_Task goal:_ The output is a word-for-word repeat of the listing below, free of images.

_Data block:_
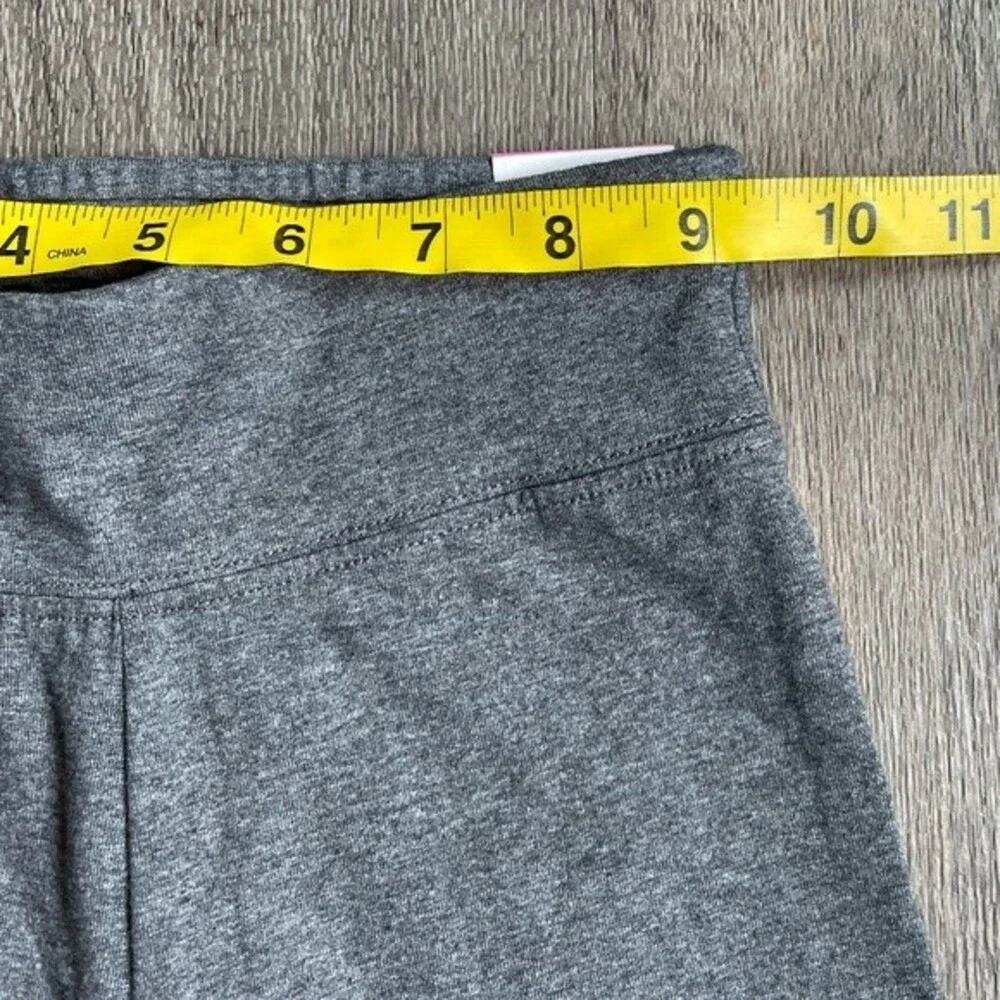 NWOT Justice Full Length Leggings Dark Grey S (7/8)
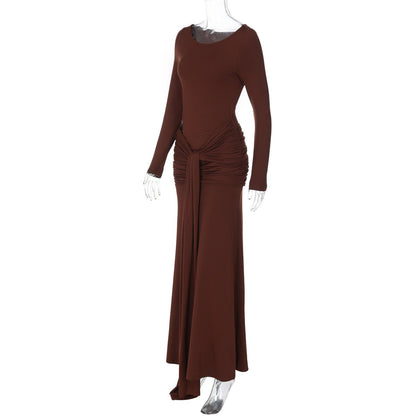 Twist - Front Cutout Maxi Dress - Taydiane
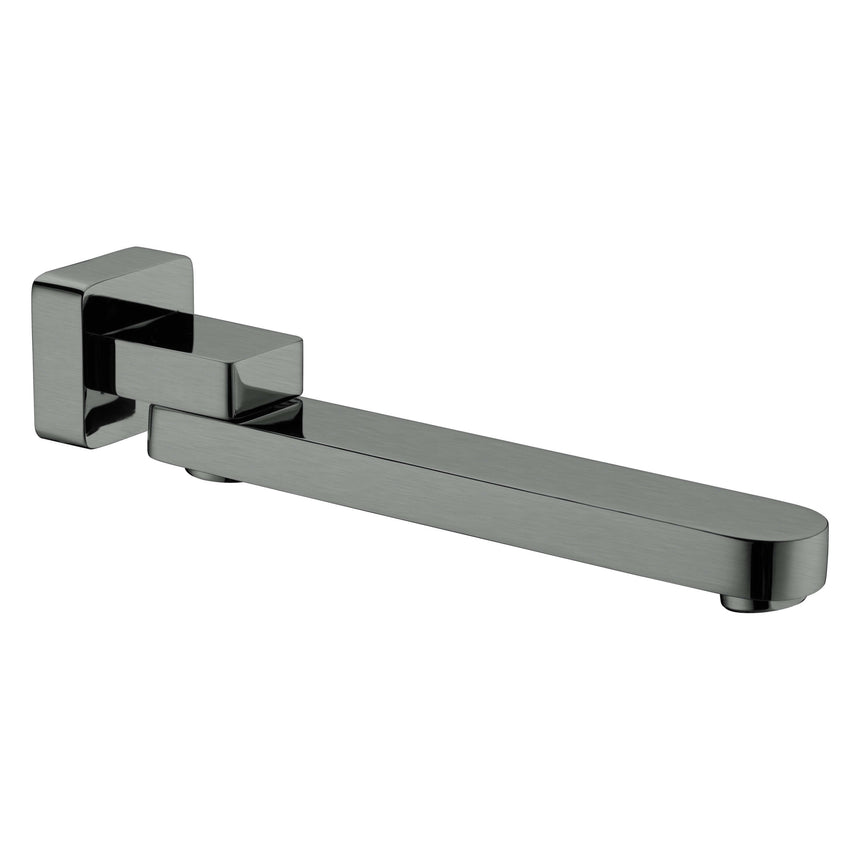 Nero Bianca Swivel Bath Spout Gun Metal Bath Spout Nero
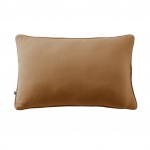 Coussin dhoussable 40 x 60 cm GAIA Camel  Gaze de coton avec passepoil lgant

_Task answer:_
 NWOT Justice Full Length Leggings Dark Grey S (7/8)
 Twist - Front Cutout Maxi Dress - Taydiane
 Nero Bianca Swivel Bath Spout Gun Metal Bath Spout Nero
 Coussin dhoussable 40 x 60 cm GAIA Camel  Gaze de coton avec passepoil lgant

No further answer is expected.